On Wednesday, the Supreme Court issued its decision in Amgen, Inc. v. Connecticut Retirement Plans. In a 6-3 decision authored by Justice Ginsburg, the Supreme Court handed a win to plaintiffs in securities fraud class actions, holding that plaintiffs do not have to prove materiality at the class certification stage. The decision marks a departure from some of the Court’s more recent class action rulings, which seemed to narrow class action litigation. Justices Scalia, Thomas and Kennedy dissented.

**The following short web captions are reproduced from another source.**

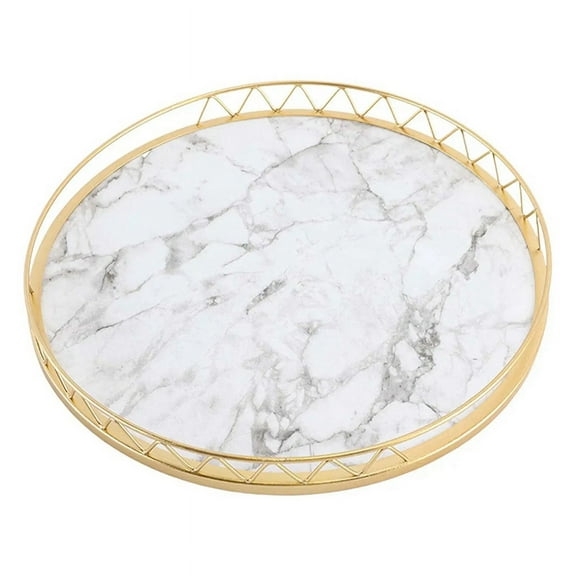 Round Household Simple Snack Dried Fruit Plate Small Dry Tea Table Tabletop Storage Light Luxury Marble P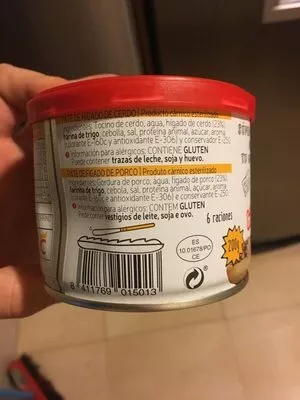 Lista de ingredientes del producto Paté de cerdo Coren 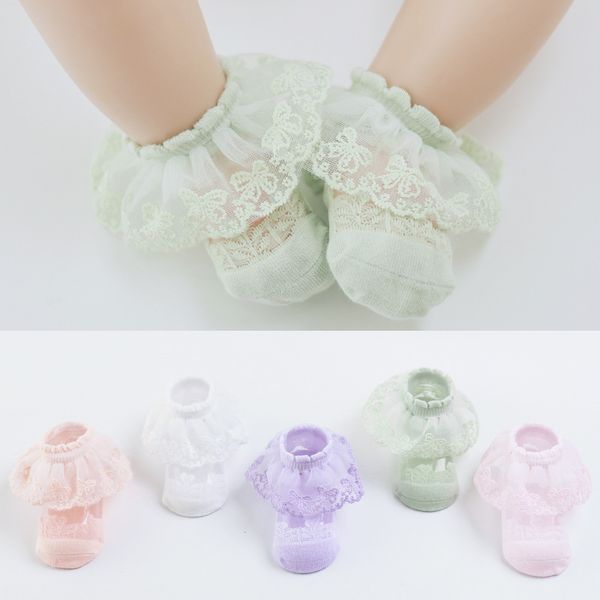 

baby socks girls ice silk lace socks baby mesh breathable lace princess, Pink;yellow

In their complaint, plaintiff shareholders alleged that Amgen and its executives misled investors about the safety and efficacy of two anemia drugs, thereby violating Section 10(b) and Rule 10b-5. During class certification, Amgen argued that Rule 23(b)(3) required that plaintiffs needed to prove materiality in order to ensure that the questions of law or fact common to the class will “predominate over any questions affecting only individual members.” Both the district court and the Ninth Circuit Court of Appeals rejected Amgen’s argument. The Supreme Court followed suit, affirming the Court of Appeal’s judgment and holding that proof of materiality is not a prerequisite to class certification in securities fraud cases.
The Court noted that Rule 23(b)(3) “requires a showing that questions common to the class predominate, not that those questions will be answered, on the merits, in favor the class.” For two reasons, the Court held, plaintiffs need not prove materiality in order to ensure that questions of law or fact common to the class will predominate. First, because materiality is judged according to an objective standard, it can be proved through evidence common to the class. Thus, materiality is a “common question for purposes of Rule 23(b)(3).” Second, a failure of proof on the common question of materiality poses no risk that individual questions will predominate. To the contrary, the Court reasoned, because materiality is an essential element of a 10b-5 claim, a failure of proof on this claim will “end the case for one and all.” Ultimately, the Court determined that to make the plaintiffs prove materiality at the certification stage would effectively be “putting the cart before the horse.”
In arriving at its decision, the Court rejected Amgen’s argument that just as plaintiffs must prove that Amgen’s stock traded in an efficient market and that the stock trades at issue “took place between the time the misrepresentation was made and the time the truth was revealed” in order to take advantage of the fraud-on-the-market theory and win class certification, so too must plaintiffs prove materiality at the class certification stage. The Court did not dispute that both the efficient market and trade timing elements must be proved before a plaintiff can win certification, but held that those elements go to Rule 23’s requirements of typicality and adequacy of representation, not to the Rule 23(b)(3) predominance inquiry.
The Court also rejected Amgen’s public policy argument that an order granting class certification without requiring proof of materiality pressures a defendant “to settle rather than incur the costs of defending a class action and run[ning] the risk of potential ruinous liability.” Instead, the Court stated that Congress has already addressed this precise concern, primarily through the passage of the Private Securities Litigation Reform Act of 1995, and it was not the judiciary’s place “to make further adjustments.”